The fight sequences, to be fair, are pretty well done at least to my admittedly untrained eye. I’m sure martial arts purists were shuddering at some of the moves executed by the actors; at times even I could tell that the actors weren’t hitting the moves correctly. That’s a definite problem for a movie so rooted in martial arts. Also to the good, Bartkowiak has created a look as far as the Bangkok backstreets are concerned that is stylish and fun. The visual aspect of the film is solid.

Duncan is having a marvelous time as Balrog. When he grins, you get the impression that he’s thinking “I’m getting paid for this?” His work makes the movie watchable. Sadly, some of the other actors don’t fair as well. Klein, whose previous career highlight was the American Pie films, is probably not the right guy for the role of Nash which might have benefitted from someone along the lines of a Taylor Kitsch or a Chris Hemsworth. Also McDonough’s accent slips from a standard American to a pseudo-Irish oddly; it winds up being a distraction.

There are also some strange plot devices; for example, when Chun Li announces that she needs to do further research into Bison’s criminal enterprise, the first place she goes is Google. Wouldn’t it be nice if the Gambino family had a website?
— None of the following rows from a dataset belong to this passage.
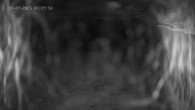 Archiv Foto Webcam Ladurns: Blick von der Bergstation Wastenegg 03:00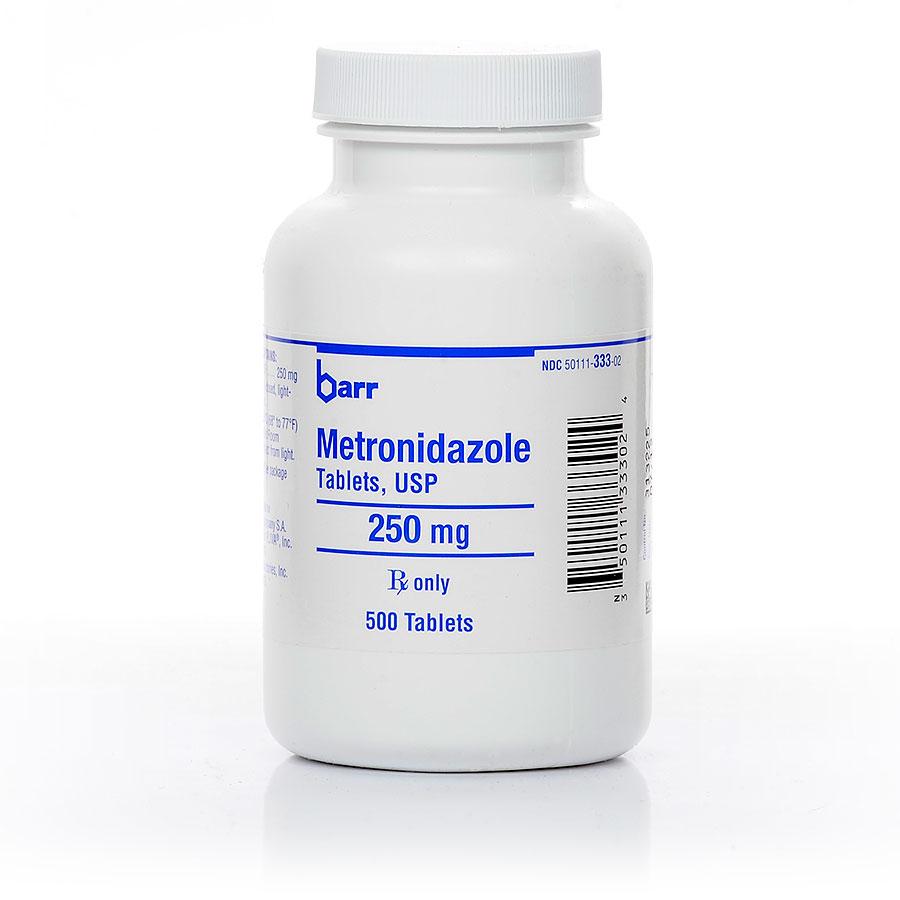 Metronidazole for dogs cheap over the counter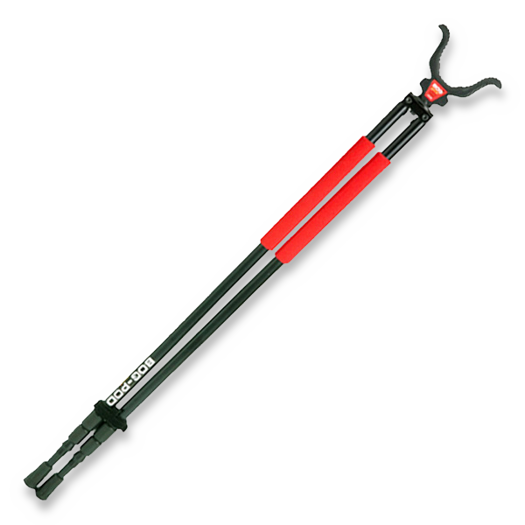 Supporto rest da tiro BOGgear Bipod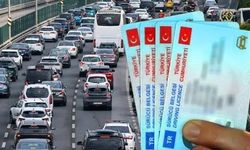 Ehliyet ve Alkollü Araç Kullanımına İlişkin Yeni Düzenleme Meclis'e Sunuldu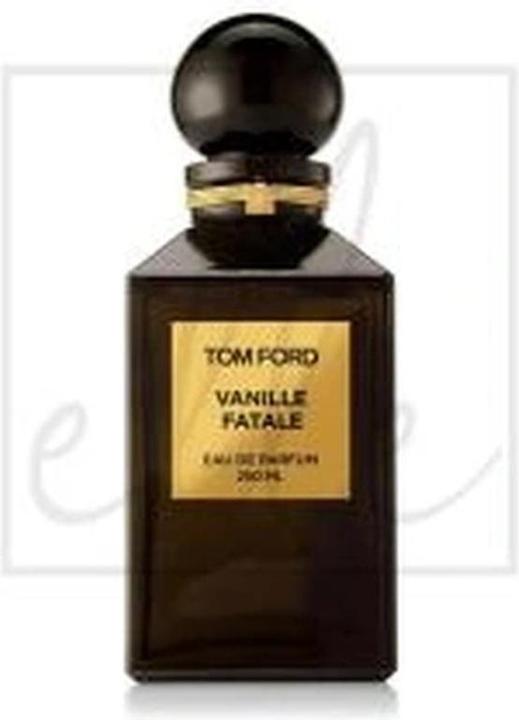 Image du produit Tom Ford Vanille Fatale Eau de Parfum (re) (Eau de parfum, 250 ml)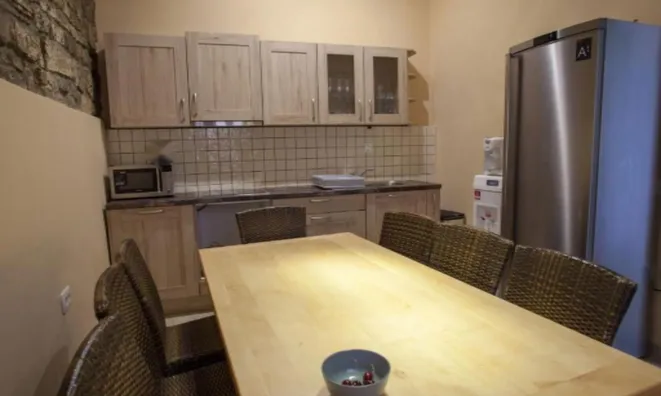 Недвижимость Дом с террасой Новый Пиран: 6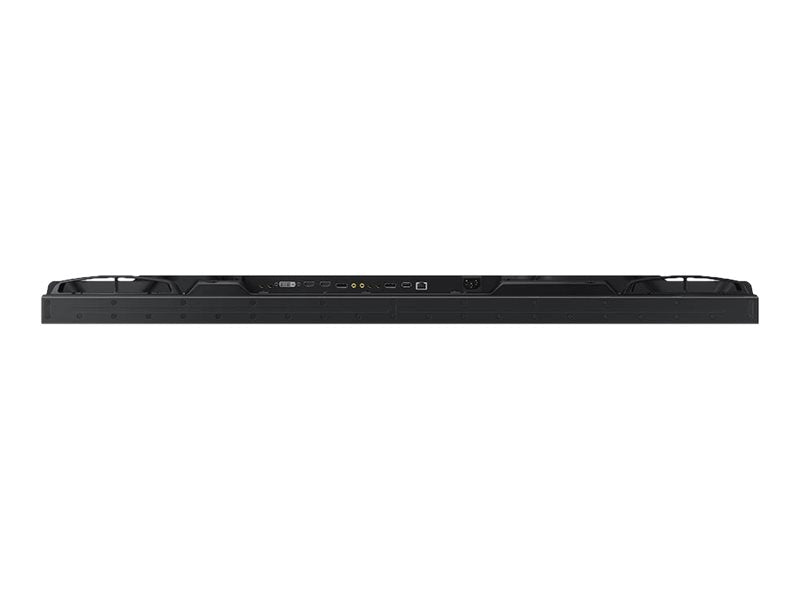 SAMSUNG 46p 16:9 FullHD VM46B-U direct-LED IPS 500nits DP 1.2, HDMI in x2/out, DVI-D, Ethernet, 3.5mm bezel to bezel VESA 600x400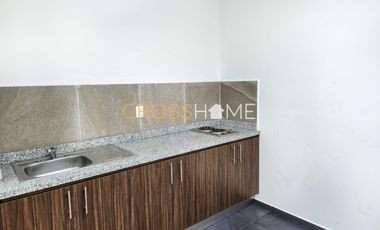 Departamento Penthouse en Venta de 3 Recamaras en edificio residencial Stacia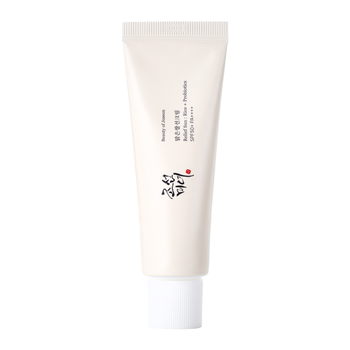 Сонцезахисний крем з пробіотиками Beauty of Joseon Relief Sun : Rice + Probiotic SPF50+ PA++++, 50 мл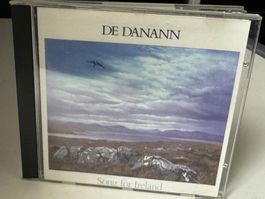 De Danann - Song For Ireland - HG41C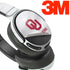 University of Oklahoma White Jersey Skullcandy Venue Skin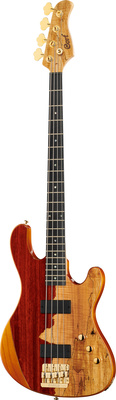 Cort Rithimic Jeff Berlin 4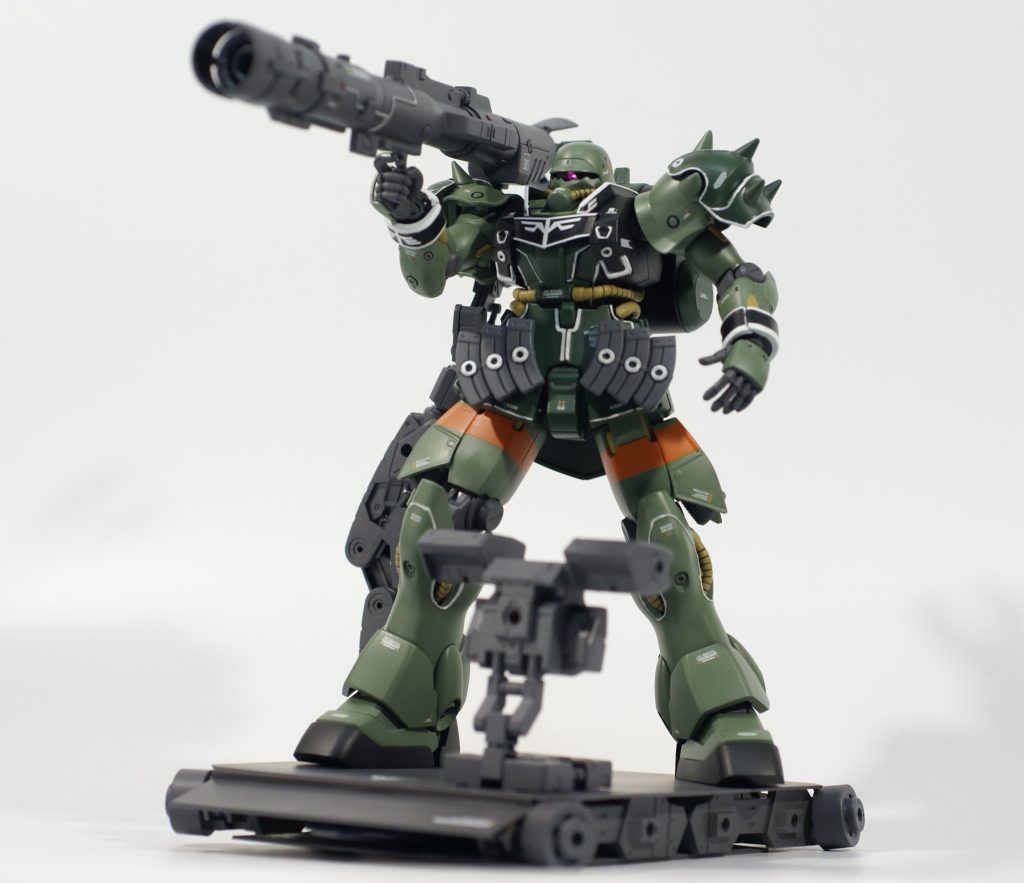 ネェルアーガマの人たちとの共闘は熱い!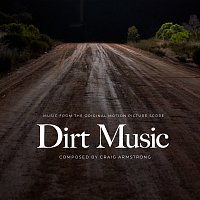 Přední strana obalu CD Dirt Music [Original Motion Picture Score]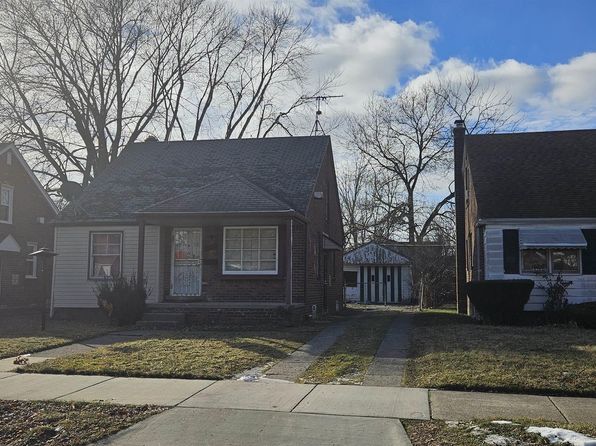 19193 Alcoy St, Detroit, MI 48205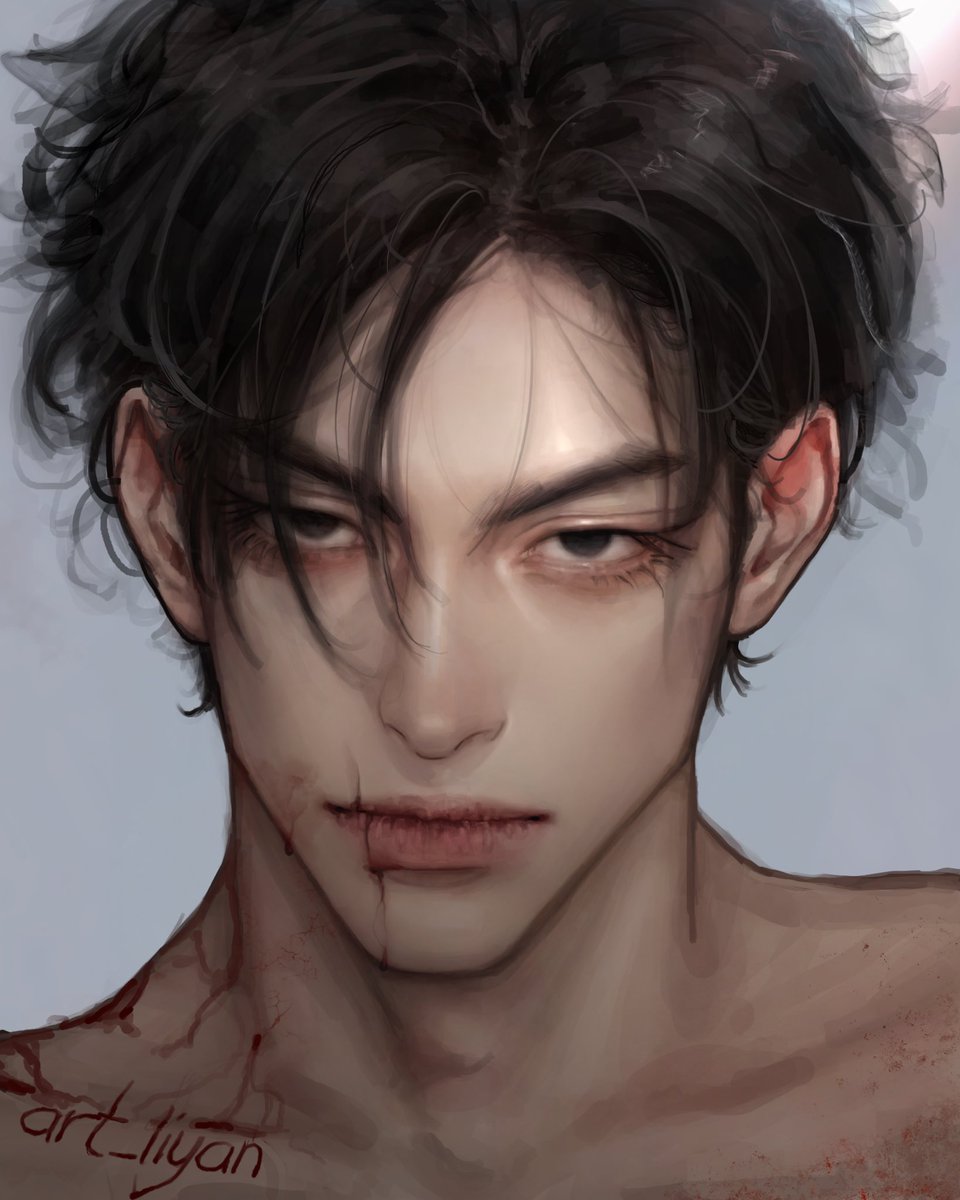 Pessimistic Artist tweet media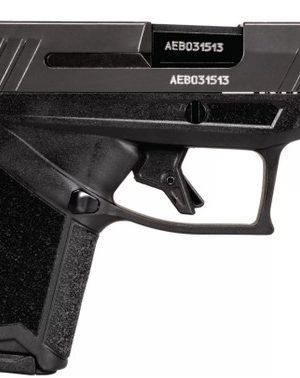 Taurus GX4 9mm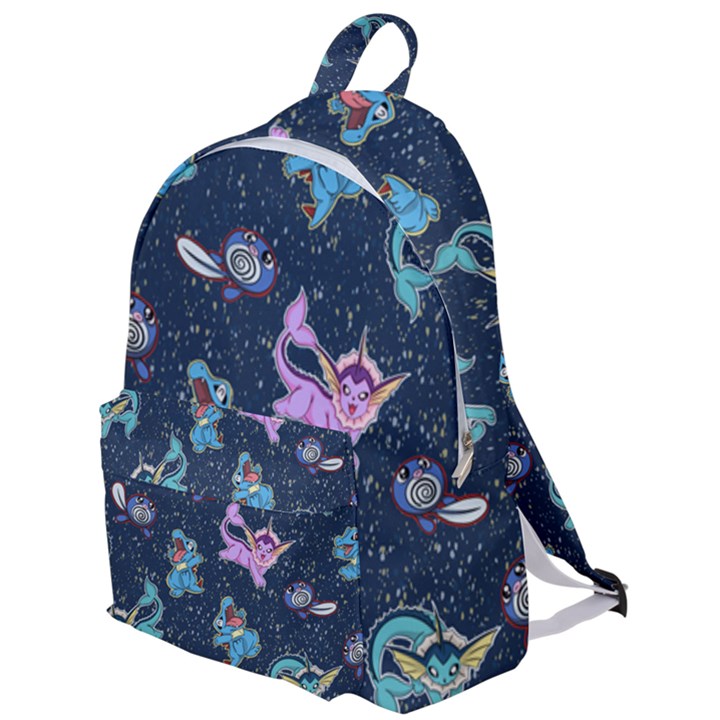 water type The Plain Backpack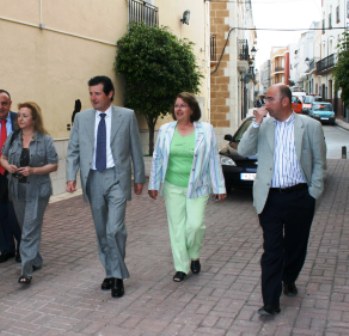 JOSÉ CÍSCAR, PRIMER CONSELLER NASCUT A LA MARINA ALTA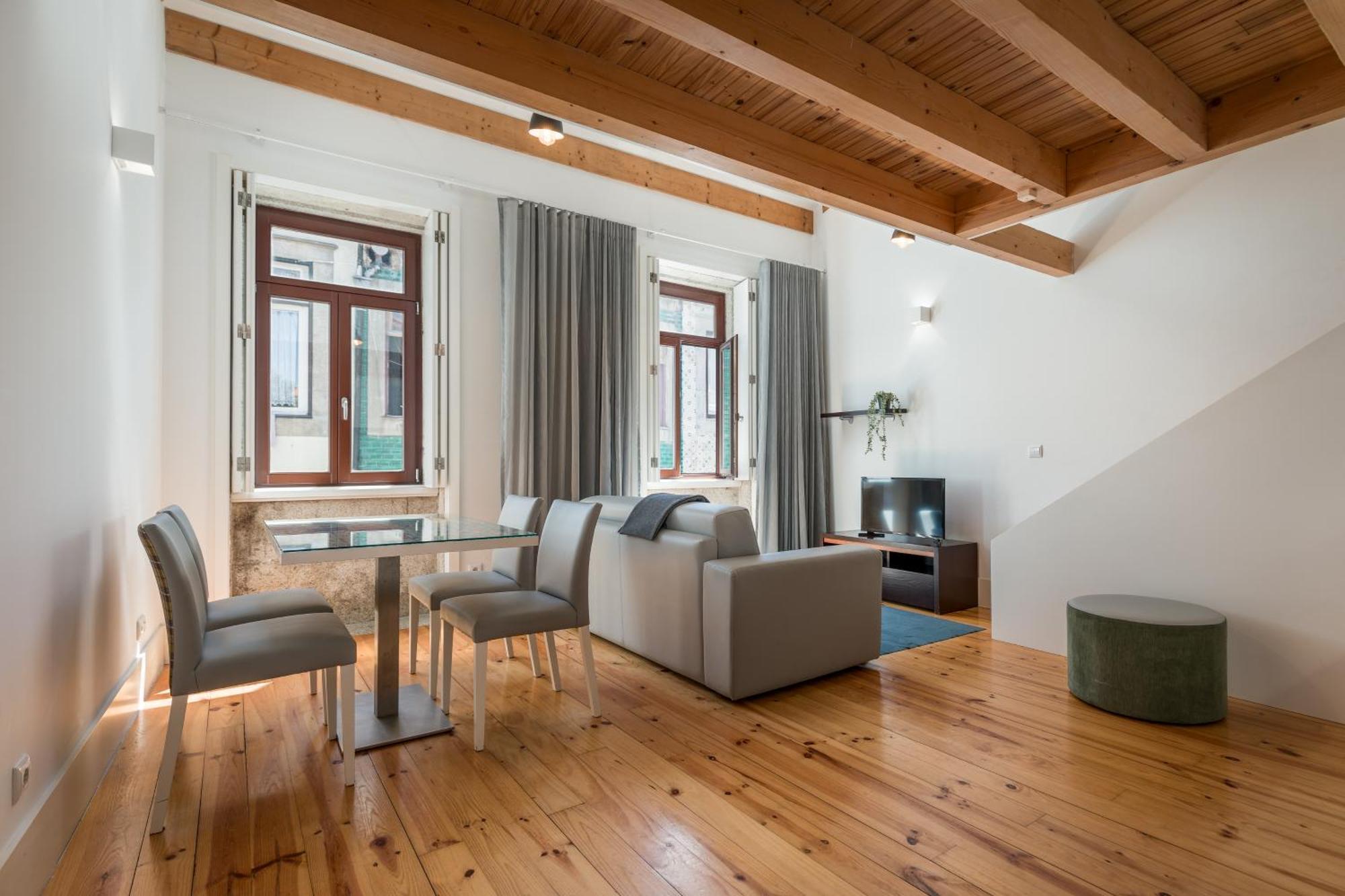 Bra.Com Apartments Oporto Pinheiros Εξωτερικό φωτογραφία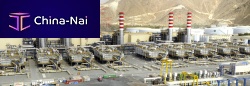 Seawater desalinator evaporativeprocess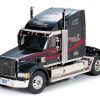 Trucks & Trailers | Cars/Tanks Tamiya Tamiya 56314 1/14 Tractor Truck Knight Hauler W/ 4Ywd 4 Channel Radio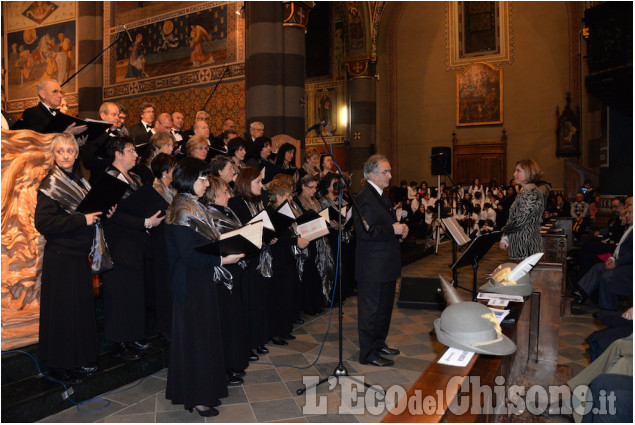 Pinerolo: in duomo Musica e storia in concerto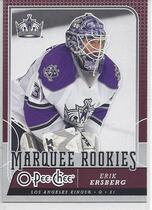 2008 Upper Deck OPC #528 Erik Ersberg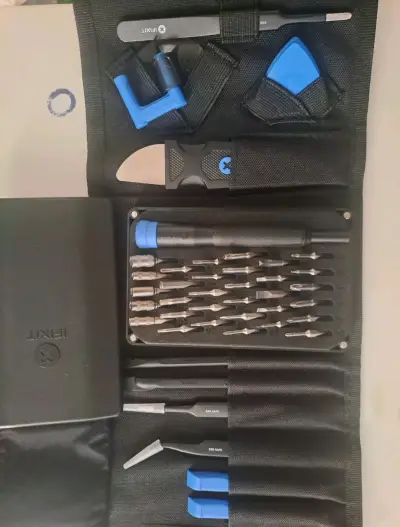 Kit de herramientas iFixit Pro Tech Go - miniatura 3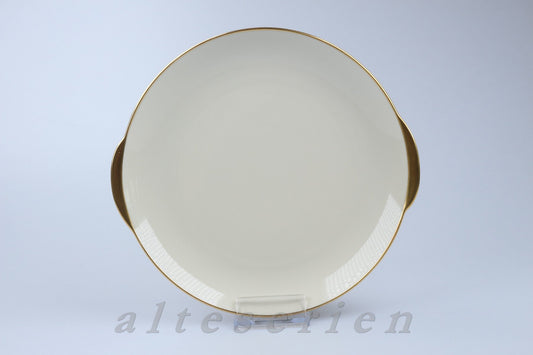 Kuchenplatte mit Griffen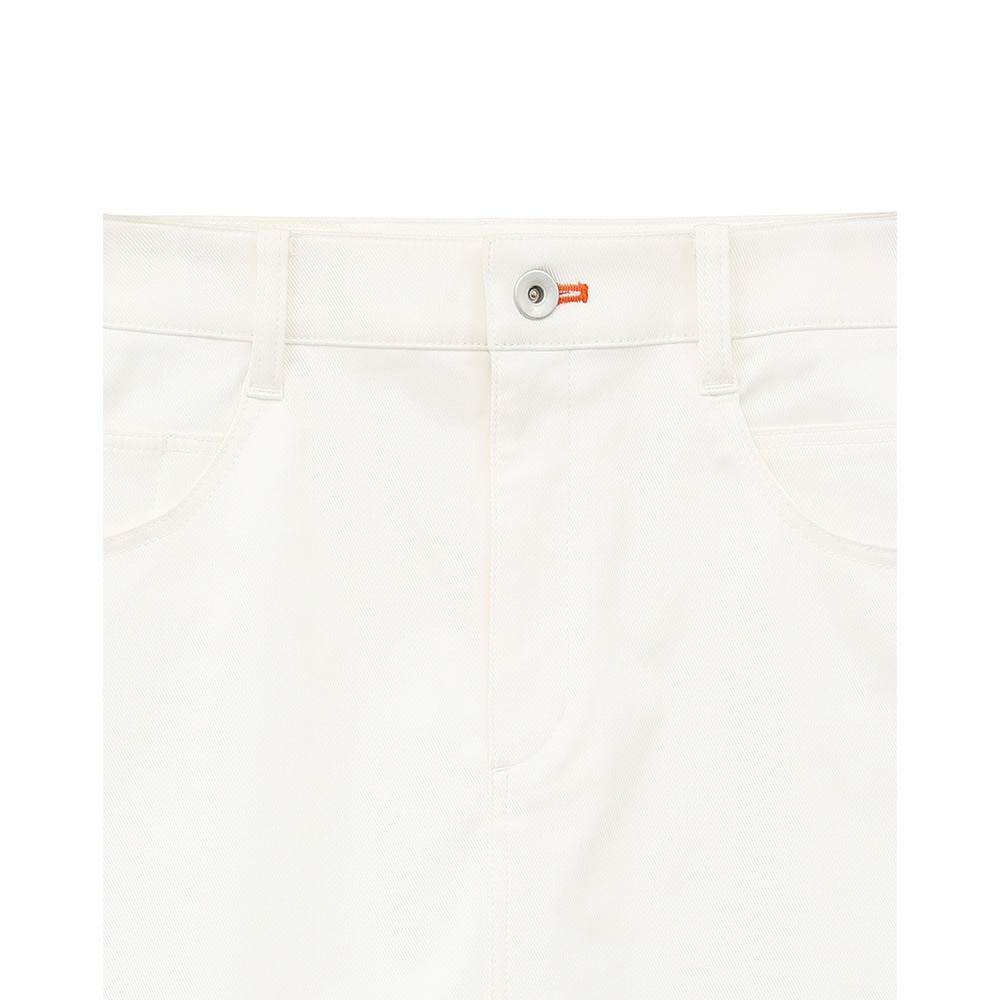 トラヴィスマシュー（Travis Mathew）（レディース）ゴルフウェア 5ポケットスカート 7AL515-1WHT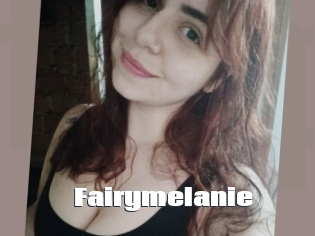 Fairymelanie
This is meant to be disposable, easily digestible action fare and to a large extent it is. The movie is seriously flawed, however, which may give those looking for superior action films pause. There is enough to like here that I can give it a slight recommendation, but be aware that even those who love the videogame may have some problems with the movie version.

WHY RENT THIS: Bartkowiak has a distinctive visual style and most of the fight scenes are impressive to the layman. Duncan seems to be having a great time and attacks his role with gusto.

WHY RENT SOMETHING ELSE: Standard videogame adaptation fare with not a whole lot of plot to speak of.

FAMILY VALUES: Plenty of martial arts violence, but nothing that would bother the average teen. If you think it’s okay for your child to play the videogame, chances are the movie will be fine too.

TRIVIAL PURSUIT: Robin Shou has also appeared in the Mortal Kombat movies, making him the only cast member to date to have appeared in other movies based on videogames.

NOTABLE DVD EXTRAS: The Blu-Ray and Special Edition DVD include an animated comic book called Street Fighter: Round One – Fight! which should appeal to fans of the videogame series, as well as some features on the training the actors went through to become onscreen martial arts masters. The Blu-Ray contains a trivia track (a favorite feature of Da Queen).